第10話 後編

「でも、酒井君……」



「大丈夫です!」



 ガタンと勢いをつけて立ち上がる。椅子が後ろに倒れ、鉄の金具の音が部屋に響いた。椅子の音か、それとも突然の俺に大声に驚いてか、宝田がぽかんとした顔で俺を見上げていた。


 リュックを引っ掴んで教室を出ようとしたが、片山さんに止められた。腕に彼女の赤い爪が食い込んでいる。腕を引かれるがまま、宝田が置き直してくれた椅子に座った。

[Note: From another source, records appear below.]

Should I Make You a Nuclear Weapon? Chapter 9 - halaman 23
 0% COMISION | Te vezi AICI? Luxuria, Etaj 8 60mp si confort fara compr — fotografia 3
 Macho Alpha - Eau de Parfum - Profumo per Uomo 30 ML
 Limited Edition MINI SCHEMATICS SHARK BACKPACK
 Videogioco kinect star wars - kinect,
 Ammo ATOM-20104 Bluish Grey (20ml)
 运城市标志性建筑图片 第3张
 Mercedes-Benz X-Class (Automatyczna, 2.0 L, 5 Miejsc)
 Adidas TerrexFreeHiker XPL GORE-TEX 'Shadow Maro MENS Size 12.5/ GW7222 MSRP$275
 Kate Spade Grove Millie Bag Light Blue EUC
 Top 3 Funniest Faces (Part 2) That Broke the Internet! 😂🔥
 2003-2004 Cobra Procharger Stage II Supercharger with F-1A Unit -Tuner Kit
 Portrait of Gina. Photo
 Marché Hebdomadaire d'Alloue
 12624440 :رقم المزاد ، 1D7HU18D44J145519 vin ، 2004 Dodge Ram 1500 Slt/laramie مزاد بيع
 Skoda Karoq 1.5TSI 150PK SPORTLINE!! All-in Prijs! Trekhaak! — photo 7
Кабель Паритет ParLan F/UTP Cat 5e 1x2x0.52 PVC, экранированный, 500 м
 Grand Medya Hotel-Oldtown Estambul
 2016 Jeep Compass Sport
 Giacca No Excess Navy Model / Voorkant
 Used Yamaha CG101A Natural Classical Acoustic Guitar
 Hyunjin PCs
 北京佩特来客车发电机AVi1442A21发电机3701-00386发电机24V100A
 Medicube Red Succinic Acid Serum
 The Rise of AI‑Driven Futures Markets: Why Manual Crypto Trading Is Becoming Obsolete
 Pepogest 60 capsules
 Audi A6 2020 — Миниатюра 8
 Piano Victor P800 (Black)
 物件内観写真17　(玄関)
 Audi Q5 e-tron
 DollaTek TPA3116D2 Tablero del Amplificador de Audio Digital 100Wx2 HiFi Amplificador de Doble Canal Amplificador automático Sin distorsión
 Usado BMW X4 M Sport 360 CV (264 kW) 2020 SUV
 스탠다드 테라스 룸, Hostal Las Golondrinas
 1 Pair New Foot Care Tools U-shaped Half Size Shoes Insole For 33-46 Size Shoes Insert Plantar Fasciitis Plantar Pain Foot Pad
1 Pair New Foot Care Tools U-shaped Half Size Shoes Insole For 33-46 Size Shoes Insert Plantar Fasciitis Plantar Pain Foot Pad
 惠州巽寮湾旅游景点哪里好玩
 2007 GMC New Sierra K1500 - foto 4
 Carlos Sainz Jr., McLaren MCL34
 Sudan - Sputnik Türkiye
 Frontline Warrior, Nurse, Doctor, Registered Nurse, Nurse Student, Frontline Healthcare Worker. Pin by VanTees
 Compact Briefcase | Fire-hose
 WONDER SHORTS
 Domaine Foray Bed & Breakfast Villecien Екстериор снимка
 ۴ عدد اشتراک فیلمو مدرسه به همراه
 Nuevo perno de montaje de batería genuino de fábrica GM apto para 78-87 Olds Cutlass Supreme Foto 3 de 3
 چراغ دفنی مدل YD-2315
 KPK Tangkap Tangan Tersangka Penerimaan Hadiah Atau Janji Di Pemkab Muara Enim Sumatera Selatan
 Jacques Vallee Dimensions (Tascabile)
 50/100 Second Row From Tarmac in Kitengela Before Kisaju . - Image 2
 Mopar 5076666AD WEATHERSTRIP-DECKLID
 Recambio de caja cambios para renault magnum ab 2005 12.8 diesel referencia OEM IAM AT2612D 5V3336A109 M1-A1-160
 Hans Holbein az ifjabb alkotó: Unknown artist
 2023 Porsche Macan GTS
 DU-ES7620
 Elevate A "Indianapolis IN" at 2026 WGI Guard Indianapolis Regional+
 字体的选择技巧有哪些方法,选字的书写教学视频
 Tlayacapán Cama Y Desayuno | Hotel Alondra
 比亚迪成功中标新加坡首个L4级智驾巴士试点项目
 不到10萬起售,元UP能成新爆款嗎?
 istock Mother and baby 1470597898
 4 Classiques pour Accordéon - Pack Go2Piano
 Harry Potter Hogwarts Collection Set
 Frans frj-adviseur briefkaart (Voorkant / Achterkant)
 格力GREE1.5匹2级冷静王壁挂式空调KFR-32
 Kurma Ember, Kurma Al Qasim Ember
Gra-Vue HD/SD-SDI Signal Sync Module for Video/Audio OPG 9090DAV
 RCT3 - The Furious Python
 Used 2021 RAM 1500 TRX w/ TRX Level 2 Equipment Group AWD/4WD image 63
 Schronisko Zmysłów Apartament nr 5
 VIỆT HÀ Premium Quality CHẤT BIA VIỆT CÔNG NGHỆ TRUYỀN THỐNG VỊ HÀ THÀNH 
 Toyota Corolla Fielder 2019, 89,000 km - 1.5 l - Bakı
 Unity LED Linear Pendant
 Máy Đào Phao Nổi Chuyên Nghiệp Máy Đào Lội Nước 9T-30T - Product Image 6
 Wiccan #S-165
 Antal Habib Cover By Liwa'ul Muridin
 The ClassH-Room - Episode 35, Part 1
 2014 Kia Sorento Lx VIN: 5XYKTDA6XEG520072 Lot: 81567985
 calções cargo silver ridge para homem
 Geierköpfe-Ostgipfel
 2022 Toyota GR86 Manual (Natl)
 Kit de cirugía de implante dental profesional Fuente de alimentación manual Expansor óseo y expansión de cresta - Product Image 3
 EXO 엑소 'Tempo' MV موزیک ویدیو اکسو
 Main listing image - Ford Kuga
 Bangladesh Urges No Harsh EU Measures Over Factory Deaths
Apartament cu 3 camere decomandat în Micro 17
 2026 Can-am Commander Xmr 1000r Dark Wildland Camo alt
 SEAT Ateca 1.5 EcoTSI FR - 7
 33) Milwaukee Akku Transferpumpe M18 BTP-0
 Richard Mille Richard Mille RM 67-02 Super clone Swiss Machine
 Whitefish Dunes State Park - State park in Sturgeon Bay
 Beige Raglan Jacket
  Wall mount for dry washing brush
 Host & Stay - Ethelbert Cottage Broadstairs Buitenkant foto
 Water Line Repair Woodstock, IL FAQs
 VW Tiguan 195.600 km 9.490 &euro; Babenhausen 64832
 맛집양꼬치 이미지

「なあ、マジでどうしたんだよ酒井。さっきからおかしいぞお前」



 宝田は見たことのないくらい心配そうな表情をして俺の顔を覗き込んでいる。部屋は蒸し暑いはずなのに、肌が冷え切っていた。俺はただ、首を横に振ることしかできない。



「酒井君は、何を怖がっているの?」



 俺の横に椅子を引っ張ってきて、片山さんも腰かける。怖がっていると言われてハッとした。俺は今、水咲が怖い。



「……片山さんは、人魚騒動って知ってますか。知ってますよね」



 片山さんは黙って頷く。



「あのブログ、読んだことありますか? みるダイアリーってやつ」



 片山さんはまた頷く。宝田はきょとんとしていたけれど、説明する気に慣れなくて、彼を無視して話を進めた。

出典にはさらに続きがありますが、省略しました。